Exercise aim »
Under this line are the records; write out word for word the part that begins at the line containing "An Iceberg and" and ends at the line containing "Image of Fargo", and no more.
□ □ □ □
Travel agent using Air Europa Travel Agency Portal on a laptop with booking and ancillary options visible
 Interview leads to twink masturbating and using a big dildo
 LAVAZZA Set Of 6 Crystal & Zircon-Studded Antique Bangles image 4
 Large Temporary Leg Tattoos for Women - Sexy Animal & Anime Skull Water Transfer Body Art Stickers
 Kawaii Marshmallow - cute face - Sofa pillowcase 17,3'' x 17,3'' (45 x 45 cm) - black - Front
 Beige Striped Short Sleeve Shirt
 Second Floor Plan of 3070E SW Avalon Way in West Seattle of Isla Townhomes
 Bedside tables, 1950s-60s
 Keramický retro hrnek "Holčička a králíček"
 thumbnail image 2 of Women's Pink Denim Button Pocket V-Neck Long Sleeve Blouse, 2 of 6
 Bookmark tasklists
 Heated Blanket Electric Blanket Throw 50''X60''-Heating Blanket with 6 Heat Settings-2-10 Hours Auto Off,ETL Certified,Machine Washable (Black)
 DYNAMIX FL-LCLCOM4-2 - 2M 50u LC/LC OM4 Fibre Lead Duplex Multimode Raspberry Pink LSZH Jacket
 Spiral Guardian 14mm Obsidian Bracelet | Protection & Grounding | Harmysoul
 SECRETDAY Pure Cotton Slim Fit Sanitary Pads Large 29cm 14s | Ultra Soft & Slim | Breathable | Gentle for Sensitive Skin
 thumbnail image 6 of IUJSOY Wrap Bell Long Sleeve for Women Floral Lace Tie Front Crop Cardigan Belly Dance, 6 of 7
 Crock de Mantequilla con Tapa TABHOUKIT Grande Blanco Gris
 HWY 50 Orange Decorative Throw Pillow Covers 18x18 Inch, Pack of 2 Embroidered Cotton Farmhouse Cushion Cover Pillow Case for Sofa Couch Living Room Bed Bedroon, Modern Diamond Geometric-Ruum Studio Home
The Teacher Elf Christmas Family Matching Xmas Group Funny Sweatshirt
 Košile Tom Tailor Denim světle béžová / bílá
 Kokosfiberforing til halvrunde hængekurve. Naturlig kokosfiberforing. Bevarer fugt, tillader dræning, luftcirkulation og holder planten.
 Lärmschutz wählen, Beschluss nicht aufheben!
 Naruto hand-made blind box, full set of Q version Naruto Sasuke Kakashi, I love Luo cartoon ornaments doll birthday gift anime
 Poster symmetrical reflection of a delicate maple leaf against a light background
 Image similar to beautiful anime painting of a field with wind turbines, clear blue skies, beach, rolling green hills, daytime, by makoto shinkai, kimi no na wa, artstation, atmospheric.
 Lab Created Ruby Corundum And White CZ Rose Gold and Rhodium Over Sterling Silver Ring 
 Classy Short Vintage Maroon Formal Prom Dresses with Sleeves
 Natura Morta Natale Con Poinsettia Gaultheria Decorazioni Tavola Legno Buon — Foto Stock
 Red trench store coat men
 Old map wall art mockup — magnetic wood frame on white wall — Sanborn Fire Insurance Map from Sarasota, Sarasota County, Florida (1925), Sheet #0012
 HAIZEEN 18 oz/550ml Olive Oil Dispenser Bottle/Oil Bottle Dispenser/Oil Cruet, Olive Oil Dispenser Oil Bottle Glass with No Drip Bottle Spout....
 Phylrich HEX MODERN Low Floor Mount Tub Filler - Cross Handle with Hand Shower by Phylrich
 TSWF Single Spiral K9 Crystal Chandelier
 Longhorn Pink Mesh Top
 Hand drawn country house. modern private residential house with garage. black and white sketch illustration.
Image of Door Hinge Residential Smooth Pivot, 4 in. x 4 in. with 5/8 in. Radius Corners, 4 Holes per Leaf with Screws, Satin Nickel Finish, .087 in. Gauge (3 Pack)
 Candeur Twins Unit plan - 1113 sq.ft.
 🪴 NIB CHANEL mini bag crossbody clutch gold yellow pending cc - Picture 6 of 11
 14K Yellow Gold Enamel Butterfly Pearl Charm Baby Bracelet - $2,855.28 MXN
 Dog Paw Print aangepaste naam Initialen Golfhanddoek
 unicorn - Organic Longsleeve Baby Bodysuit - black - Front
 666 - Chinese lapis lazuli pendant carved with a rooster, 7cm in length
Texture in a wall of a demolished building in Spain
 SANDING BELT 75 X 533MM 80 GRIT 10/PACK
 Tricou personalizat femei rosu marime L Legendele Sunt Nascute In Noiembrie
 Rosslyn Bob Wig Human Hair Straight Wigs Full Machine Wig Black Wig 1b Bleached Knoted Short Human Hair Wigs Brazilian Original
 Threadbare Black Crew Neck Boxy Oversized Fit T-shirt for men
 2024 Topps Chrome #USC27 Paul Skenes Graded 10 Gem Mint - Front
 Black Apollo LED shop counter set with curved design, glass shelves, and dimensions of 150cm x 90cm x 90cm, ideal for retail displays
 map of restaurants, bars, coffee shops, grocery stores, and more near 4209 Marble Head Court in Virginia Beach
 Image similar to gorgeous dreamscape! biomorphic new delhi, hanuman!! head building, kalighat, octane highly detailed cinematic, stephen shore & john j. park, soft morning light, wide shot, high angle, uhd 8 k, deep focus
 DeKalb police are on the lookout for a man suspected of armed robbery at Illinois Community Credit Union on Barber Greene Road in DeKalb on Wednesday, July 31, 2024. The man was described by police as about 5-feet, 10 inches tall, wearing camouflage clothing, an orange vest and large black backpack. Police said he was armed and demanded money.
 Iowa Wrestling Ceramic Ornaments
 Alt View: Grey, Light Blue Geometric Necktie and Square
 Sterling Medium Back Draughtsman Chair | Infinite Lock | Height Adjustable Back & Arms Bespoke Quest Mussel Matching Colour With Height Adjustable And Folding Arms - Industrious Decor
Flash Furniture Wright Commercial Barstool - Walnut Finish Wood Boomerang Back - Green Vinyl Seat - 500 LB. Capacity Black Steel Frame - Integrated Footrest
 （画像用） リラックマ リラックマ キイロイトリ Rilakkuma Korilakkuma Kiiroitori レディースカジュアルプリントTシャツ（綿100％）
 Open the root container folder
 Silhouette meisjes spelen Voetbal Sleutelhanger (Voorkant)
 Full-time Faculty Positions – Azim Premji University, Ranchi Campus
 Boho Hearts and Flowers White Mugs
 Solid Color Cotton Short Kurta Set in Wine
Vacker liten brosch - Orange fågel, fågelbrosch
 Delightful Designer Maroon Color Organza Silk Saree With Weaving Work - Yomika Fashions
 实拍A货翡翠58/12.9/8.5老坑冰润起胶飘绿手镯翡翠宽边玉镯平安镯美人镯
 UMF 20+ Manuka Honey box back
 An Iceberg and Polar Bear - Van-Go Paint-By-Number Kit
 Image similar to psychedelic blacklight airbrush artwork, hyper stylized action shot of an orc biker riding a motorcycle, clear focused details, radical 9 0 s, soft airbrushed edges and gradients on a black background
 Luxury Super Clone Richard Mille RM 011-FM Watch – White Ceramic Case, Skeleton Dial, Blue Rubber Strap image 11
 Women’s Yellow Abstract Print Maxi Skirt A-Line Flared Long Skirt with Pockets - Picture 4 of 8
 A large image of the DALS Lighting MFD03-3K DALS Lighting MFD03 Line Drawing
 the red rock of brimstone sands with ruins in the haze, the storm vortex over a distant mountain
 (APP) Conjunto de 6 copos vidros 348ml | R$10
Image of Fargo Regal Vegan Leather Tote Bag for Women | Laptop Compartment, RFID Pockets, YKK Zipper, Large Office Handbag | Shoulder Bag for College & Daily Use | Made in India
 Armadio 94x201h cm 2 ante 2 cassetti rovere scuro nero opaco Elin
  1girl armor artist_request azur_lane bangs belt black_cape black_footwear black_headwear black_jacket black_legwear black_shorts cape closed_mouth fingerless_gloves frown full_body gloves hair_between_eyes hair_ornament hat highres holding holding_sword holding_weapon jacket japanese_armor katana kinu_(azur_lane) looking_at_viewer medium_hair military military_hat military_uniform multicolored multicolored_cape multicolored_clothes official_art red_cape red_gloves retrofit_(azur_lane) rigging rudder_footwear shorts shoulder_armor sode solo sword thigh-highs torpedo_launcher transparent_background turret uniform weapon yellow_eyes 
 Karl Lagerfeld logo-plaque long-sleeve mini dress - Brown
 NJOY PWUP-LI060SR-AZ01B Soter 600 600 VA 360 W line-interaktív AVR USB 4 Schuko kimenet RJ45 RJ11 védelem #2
□ □ □ □
Result of this exercise »
 An Iceberg and Polar Bear - Van-Go Paint-By-Number Kit
 Image similar to psychedelic blacklight airbrush artwork, hyper stylized action shot of an orc biker riding a motorcycle, clear focused details, radical 9 0 s, soft airbrushed edges and gradients on a black background
 Luxury Super Clone Richard Mille RM 011-FM Watch – White Ceramic Case, Skeleton Dial, Blue Rubber Strap image 11
 Women’s Yellow Abstract Print Maxi Skirt A-Line Flared Long Skirt with Pockets - Picture 4 of 8
 A large image of the DALS Lighting MFD03-3K DALS Lighting MFD03 Line Drawing
 the red rock of brimstone sands with ruins in the haze, the storm vortex over a distant mountain
 (APP) Conjunto de 6 copos vidros 348ml | R$10
Image of Fargo Regal Vegan Leather Tote Bag for Women | Laptop Compartment, RFID Pockets, YKK Zipper, Large Office Handbag | Shoulder Bag for College & Daily Use | Made in India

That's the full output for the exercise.